Feb. 24, 2014
Is the female protagonist of my crime novel a slut? Did I err by creating for her a messy personal life? I took these questions to a group of fellow writers this week in the wake of some puzzling comments by a book reviewer.
Some background and disclosure: My novel, Saving Texas, like many others released by small publishers, didn’t get an advance review. Its debut captured a gratifying spurt of publicity, but not the full review often posted on distributors’ sites to spur interest. So I commissioned one through a company that provides those services. The reviews are billed as candid and unbiased and if writers don’t like them, they can choose not to post them.
I was pleased with the result, except for some discombobulating comments by the male reviewer about my newspaper reporter-sleuth heroine, Annie Price.
The review says, “While Price evolves into a stronger, more intelligent woman, her initial portrayal as a good reporter who’s a hard-drinking, bed-hopping good girl at heart is dissatisfying. Price seems too smart and sophisticated to be careless and stupid about her personal life.”
That seemed simplistic and unfair. Annie, who’s thirty-six, is a problem drinker who sleeps with someone improbable after a traumatic loss. Her drunken one-night stand reverberates through the book and provides a major plot twist. The only other person she sleeps with in the novel is a state senator who’s separated from his wife. She believes that she loves him. She’s attracted to another leading character, but ends the relationship instead of consummating it.
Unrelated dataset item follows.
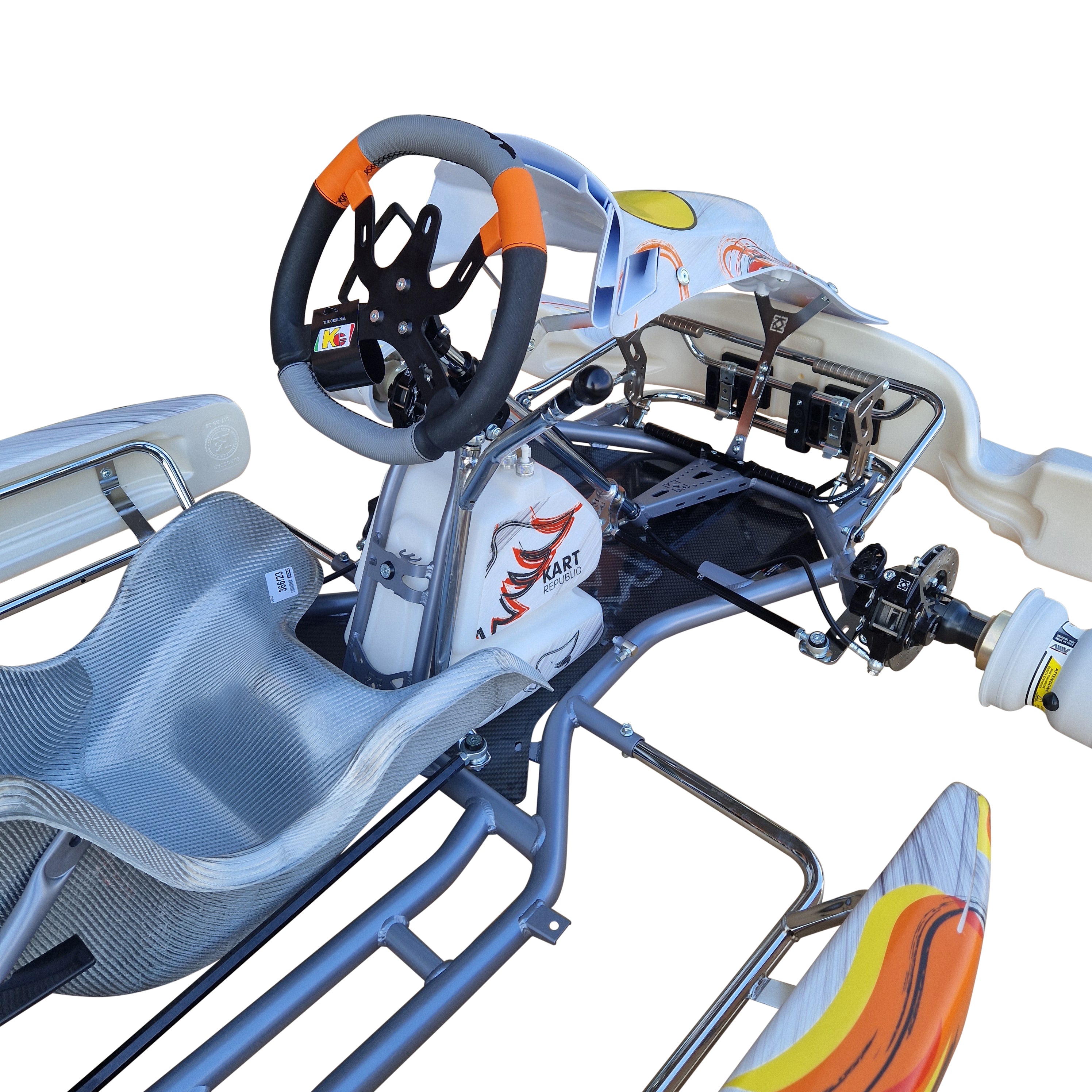 Kart Republic KR1 KZ Kart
Bed-hopping? Hardly. And hard-drinking doesn’t satisfactorily describe her drinking behavior. Hard-drinking evokes images of men who belly up to the bar most nights for convivial rounds with their buddies. Annie’s drinking isn’t a fun pastime or sport – it’s mostly solitary and veers close to alcoholism.
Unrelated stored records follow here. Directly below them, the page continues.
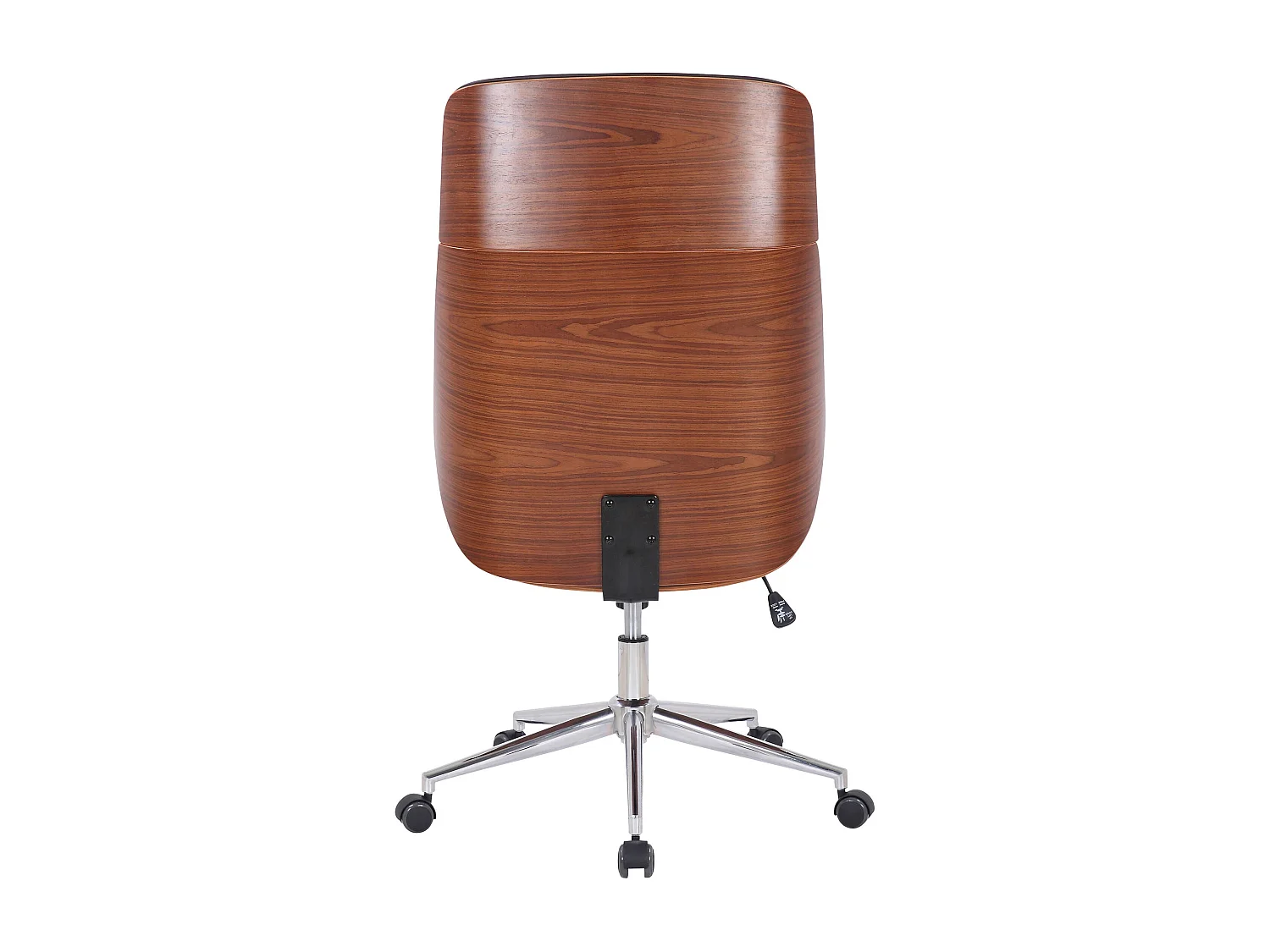 Dudeco Cadeira Escritório Varel Nogueira e castanho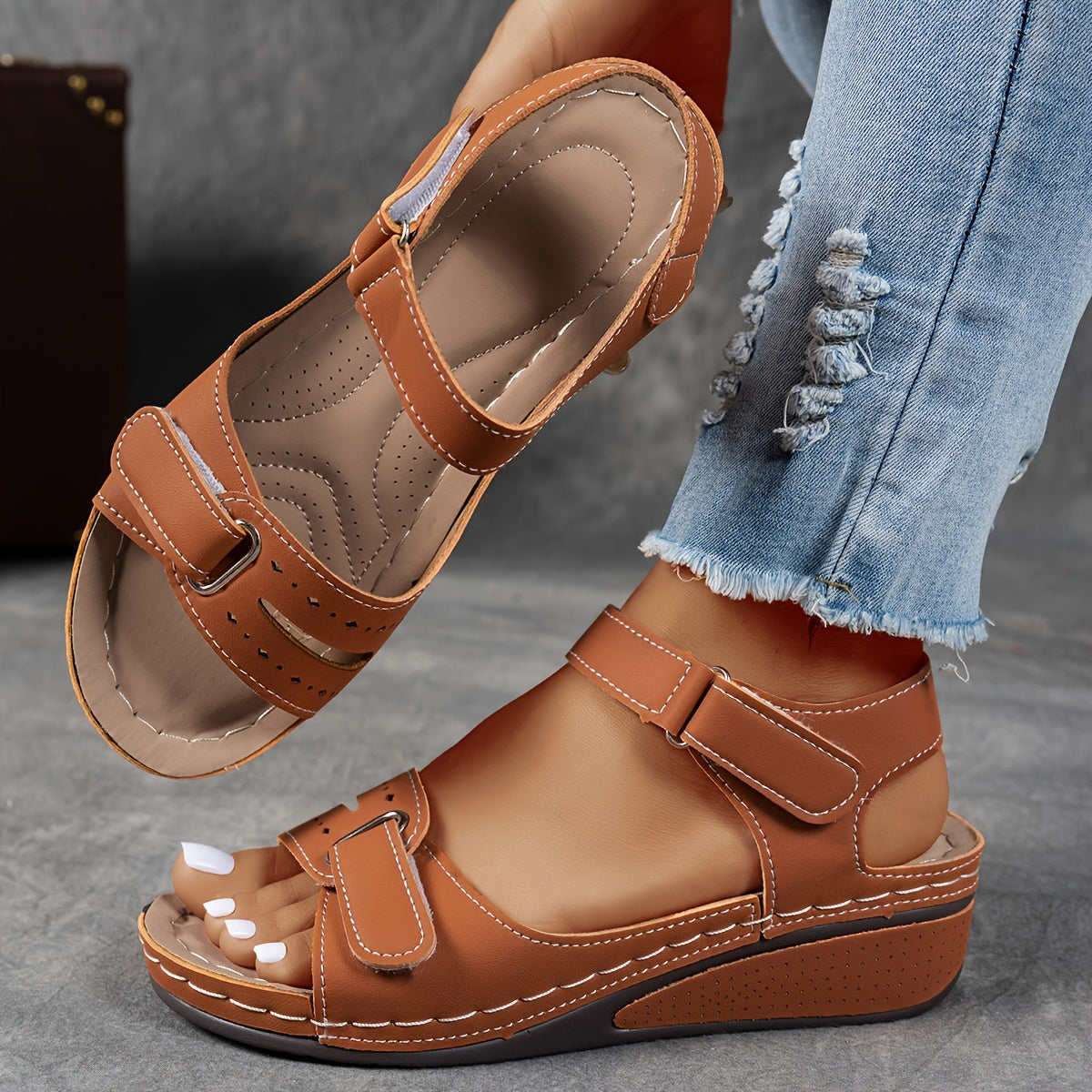 Salima | Trendy Orthopedic Sandal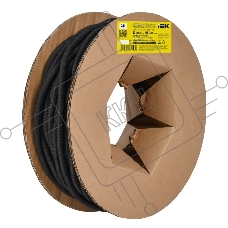 Оплетка кабельная IEK UBS30-PL-0506-025-K02. 5-6мм . 25м. самосворачивающаяся. черная
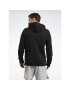 Reebok Mikina Identity Fleece Over-the-Head Hoodie IB2993 Černá - Pepit.cz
The reviewer also criticizes her relationship with the state senator, “a man she seems attracted to solely because of his looks and superficial personality traits.”
Well! Is it wrong or unbelievable that a woman would choose a man for his looks and “superficial personality traits?” Sounds like the kind of thing that men have been doing with impunity for years. People choose their romantic partners for a variety of reasons and women probably make as many mistakes in the realm of love and attraction as men. Aren’t we as writers supposed to create characters who are flawed but human? If our characters didn’t make bad decisions and find themselves in trouble because of them, it wouldn’t be a very interesting novel and our characters would be considered as flimsy as cardboard.
My friends, mostly women writers, agreed with my viewpoint. They liked Annie’s complexity and humanity. And they had a word for those comments from the reviewer – sexist.